Work to complete:
Could you copy the lines below exactly, leaving none out?

┏━━

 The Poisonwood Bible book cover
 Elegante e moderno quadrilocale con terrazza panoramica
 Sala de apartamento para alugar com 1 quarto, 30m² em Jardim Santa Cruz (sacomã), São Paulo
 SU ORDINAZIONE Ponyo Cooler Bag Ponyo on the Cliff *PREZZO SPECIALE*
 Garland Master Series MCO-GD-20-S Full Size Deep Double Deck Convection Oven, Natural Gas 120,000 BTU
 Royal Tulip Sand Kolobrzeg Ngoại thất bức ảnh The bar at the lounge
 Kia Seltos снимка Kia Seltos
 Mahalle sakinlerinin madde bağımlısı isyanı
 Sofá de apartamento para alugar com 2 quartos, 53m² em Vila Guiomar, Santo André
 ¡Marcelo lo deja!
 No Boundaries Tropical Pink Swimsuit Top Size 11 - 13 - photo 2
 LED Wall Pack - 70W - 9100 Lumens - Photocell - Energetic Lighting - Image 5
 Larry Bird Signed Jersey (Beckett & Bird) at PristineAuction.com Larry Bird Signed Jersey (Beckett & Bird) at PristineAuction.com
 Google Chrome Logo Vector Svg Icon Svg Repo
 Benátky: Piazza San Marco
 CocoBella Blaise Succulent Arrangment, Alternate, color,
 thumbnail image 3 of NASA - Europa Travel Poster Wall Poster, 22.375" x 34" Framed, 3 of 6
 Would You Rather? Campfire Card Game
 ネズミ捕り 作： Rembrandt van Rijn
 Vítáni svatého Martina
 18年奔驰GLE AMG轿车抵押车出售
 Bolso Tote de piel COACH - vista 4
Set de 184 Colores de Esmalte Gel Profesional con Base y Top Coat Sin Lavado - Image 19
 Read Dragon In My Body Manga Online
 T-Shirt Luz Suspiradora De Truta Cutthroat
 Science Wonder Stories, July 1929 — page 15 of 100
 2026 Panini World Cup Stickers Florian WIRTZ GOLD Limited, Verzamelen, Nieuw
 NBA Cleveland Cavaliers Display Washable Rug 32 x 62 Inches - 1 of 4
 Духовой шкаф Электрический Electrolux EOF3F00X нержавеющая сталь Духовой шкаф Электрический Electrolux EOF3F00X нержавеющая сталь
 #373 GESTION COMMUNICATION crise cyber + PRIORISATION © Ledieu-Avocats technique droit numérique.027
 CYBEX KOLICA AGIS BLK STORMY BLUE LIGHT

┗━━

Solved exercise:
 The Poisonwood Bible book cover
 Elegante e moderno quadrilocale con terrazza panoramica
 Sala de apartamento para alugar com 1 quarto, 30m² em Jardim Santa Cruz (sacomã), São Paulo
 SU ORDINAZIONE Ponyo Cooler Bag Ponyo on the Cliff *PREZZO SPECIALE*
 Garland Master Series MCO-GD-20-S Full Size Deep Double Deck Convection Oven, Natural Gas 120,000 BTU
 Royal Tulip Sand Kolobrzeg Ngoại thất bức ảnh The bar at the lounge
 Kia Seltos снимка Kia Seltos
 Mahalle sakinlerinin madde bağımlısı isyanı
 Sofá de apartamento para alugar com 2 quartos, 53m² em Vila Guiomar, Santo André
 ¡Marcelo lo deja!
 No Boundaries Tropical Pink Swimsuit Top Size 11 - 13 - photo 2
 LED Wall Pack - 70W - 9100 Lumens - Photocell - Energetic Lighting - Image 5
 Larry Bird Signed Jersey (Beckett & Bird) at PristineAuction.com Larry Bird Signed Jersey (Beckett & Bird) at PristineAuction.com
 Google Chrome Logo Vector Svg Icon Svg Repo
 Benátky: Piazza San Marco
 CocoBella Blaise Succulent Arrangment, Alternate, color,
 thumbnail image 3 of NASA - Europa Travel Poster Wall Poster, 22.375" x 34" Framed, 3 of 6
 Would You Rather? Campfire Card Game
 ネズミ捕り 作： Rembrandt van Rijn
 Vítáni svatého Martina
 18年奔驰GLE AMG轿车抵押车出售
 Bolso Tote de piel COACH - vista 4
Set de 184 Colores de Esmalte Gel Profesional con Base y Top Coat Sin Lavado - Image 19
 Read Dragon In My Body Manga Online
 T-Shirt Luz Suspiradora De Truta Cutthroat
 Science Wonder Stories, July 1929 — page 15 of 100
 2026 Panini World Cup Stickers Florian WIRTZ GOLD Limited, Verzamelen, Nieuw
 NBA Cleveland Cavaliers Display Washable Rug 32 x 62 Inches - 1 of 4
 Духовой шкаф Электрический Electrolux EOF3F00X нержавеющая сталь Духовой шкаф Электрический Electrolux EOF3F00X нержавеющая сталь
 #373 GESTION COMMUNICATION crise cyber + PRIORISATION © Ledieu-Avocats technique droit numérique.027
 CYBEX KOLICA AGIS BLK STORMY BLUE LIGHT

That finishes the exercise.